(Data excerpts Opens)

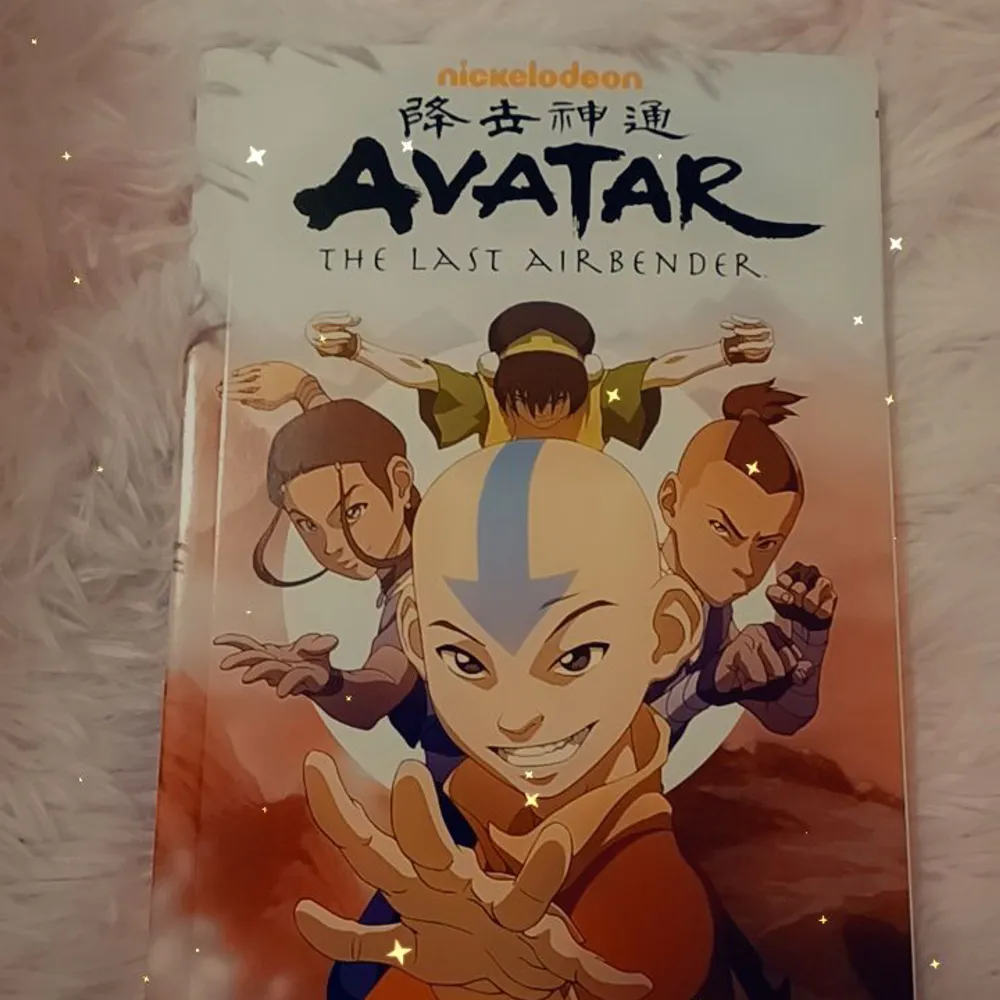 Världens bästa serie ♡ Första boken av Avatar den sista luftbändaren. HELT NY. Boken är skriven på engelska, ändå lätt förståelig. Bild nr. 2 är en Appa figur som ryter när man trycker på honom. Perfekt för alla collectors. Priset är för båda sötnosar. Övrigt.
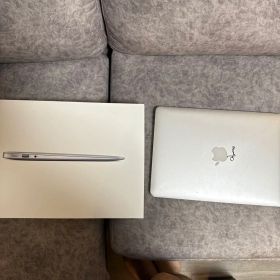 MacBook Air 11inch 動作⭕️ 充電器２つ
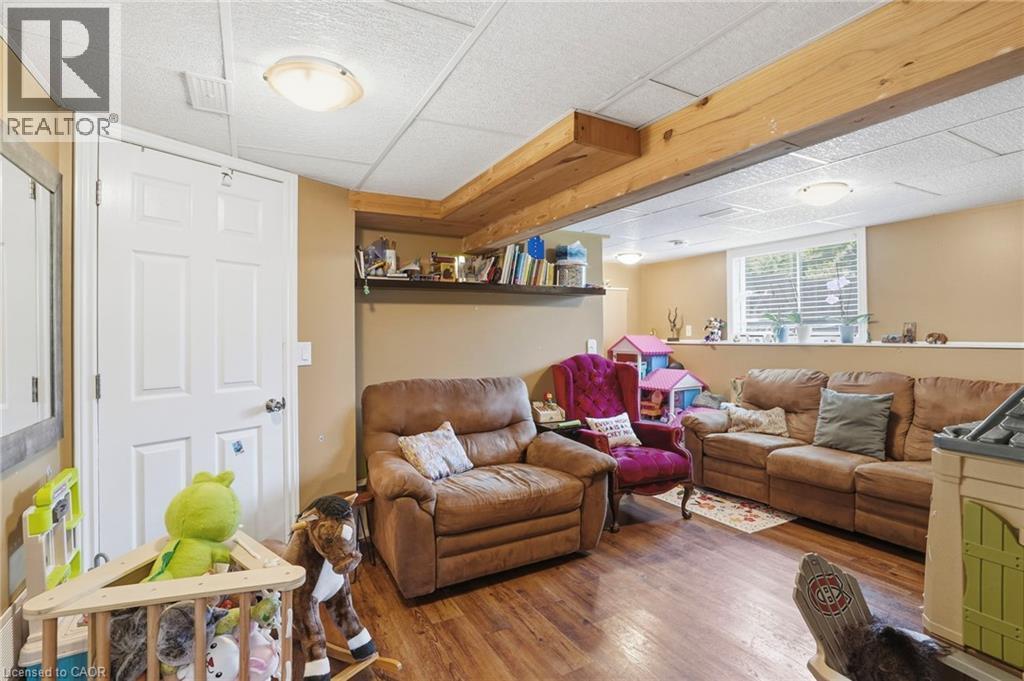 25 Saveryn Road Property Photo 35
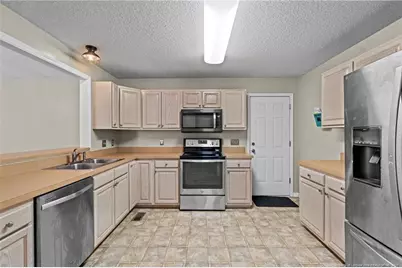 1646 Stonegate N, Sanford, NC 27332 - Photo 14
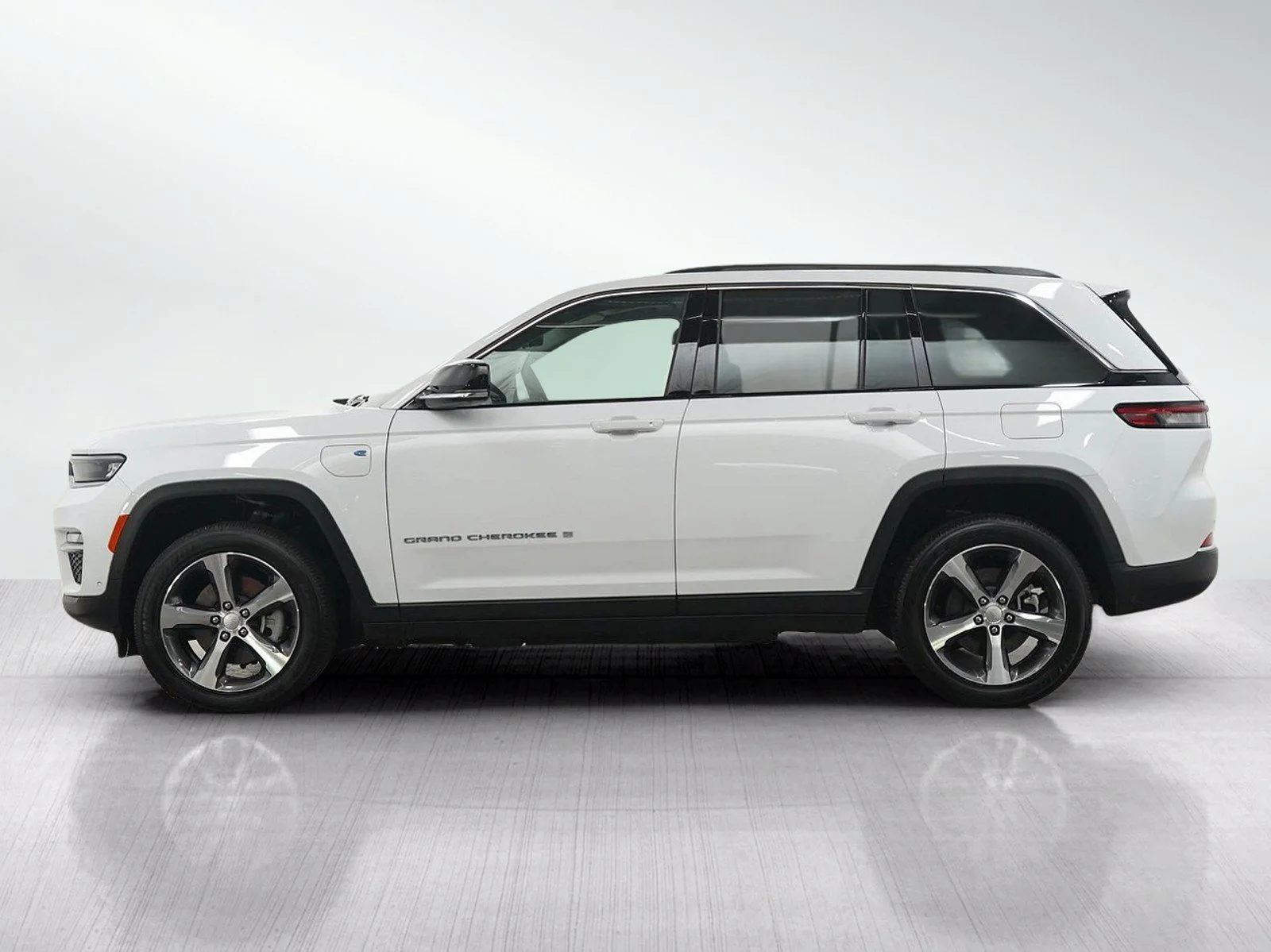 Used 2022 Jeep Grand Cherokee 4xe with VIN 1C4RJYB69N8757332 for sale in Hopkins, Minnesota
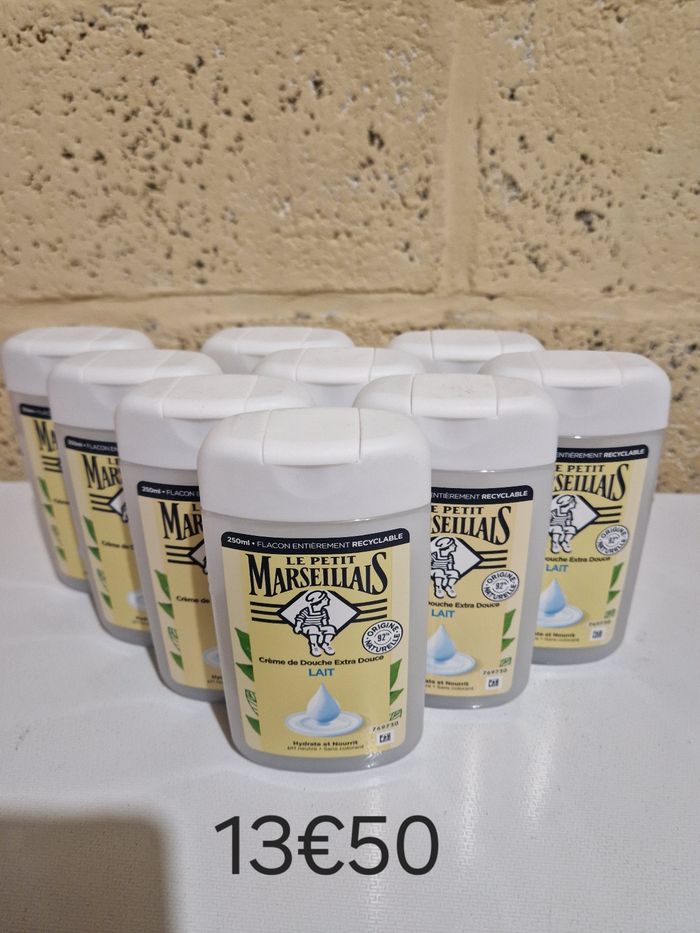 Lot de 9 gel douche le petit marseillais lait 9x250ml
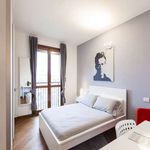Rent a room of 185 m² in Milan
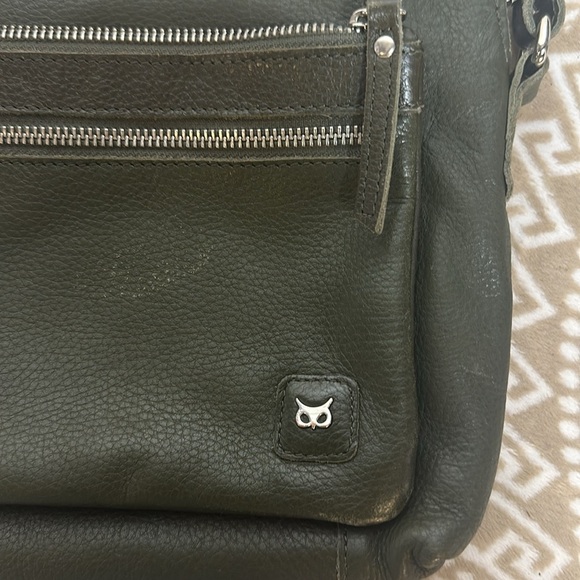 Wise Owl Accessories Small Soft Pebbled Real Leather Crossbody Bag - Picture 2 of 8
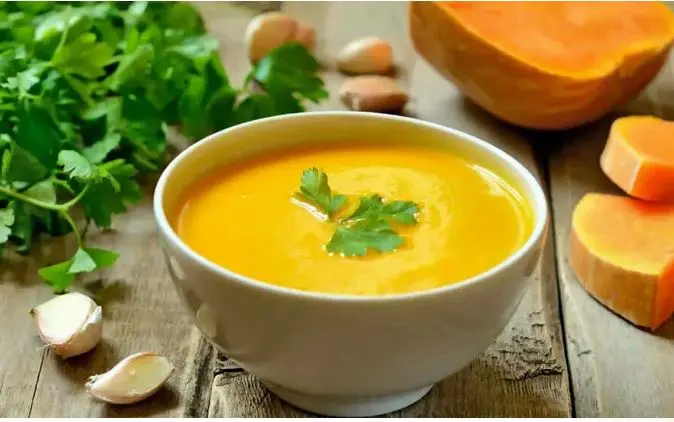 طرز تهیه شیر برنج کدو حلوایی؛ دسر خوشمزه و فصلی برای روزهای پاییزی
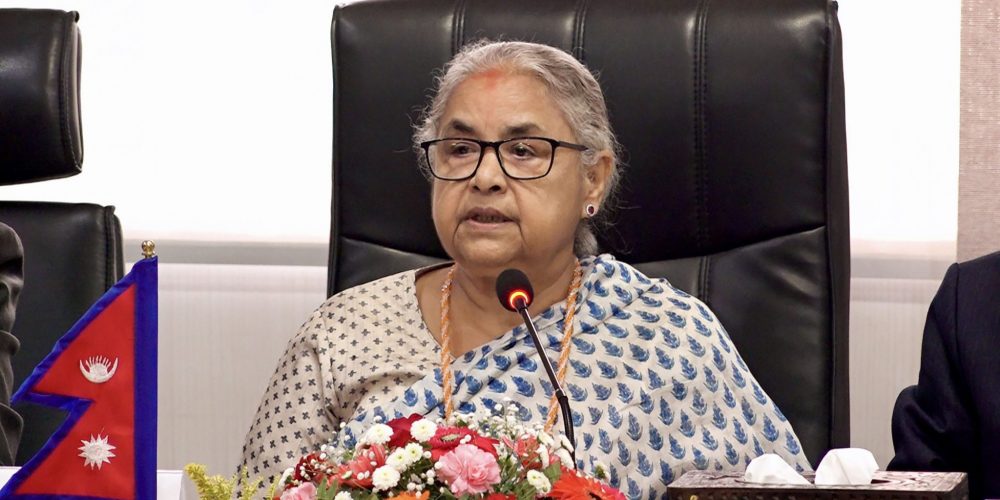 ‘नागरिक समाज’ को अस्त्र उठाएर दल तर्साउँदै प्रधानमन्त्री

(Data excerpts Closes)

[What you are asked to do] Exact copy, no pictures: set down all the entries again as they stand.

[Answer to the problem]
 Världens bästa serie ♡ Första boken av Avatar den sista luftbändaren. HELT NY. Boken är skriven på engelska, ändå lätt förståelig. Bild nr. 2 är en Appa figur som ryter när man trycker på honom. Perfekt för alla collectors. Priset är för båda sötnosar. Övrigt.
 MacBook Air 11inch 動作⭕️ 充電器２つ
 25 Saveryn Road Property Photo 35
 1646 Stonegate N, Sanford, NC 27332 - Photo 14
 Used 2022 Jeep Grand Cherokee 4xe with VIN 1C4RJYB69N8757332 for sale in Hopkins, Minnesota
 Lot de 9 gel douche le petit marseillais lait 9x250ml
Rent a room of 185 m² in Milan
 Wise Owl Accessories Small Soft Pebbled Real Leather Crossbody Bag - Picture 2 of 8
 طرز تهیه شیر برنج کدو حلوایی؛ دسر خوشمزه و فصلی برای روزهای پاییزی
 ‘नागरिक समाज’ को अस्त्र उठाएर दल तर्साउँदै प्रधानमन्त्री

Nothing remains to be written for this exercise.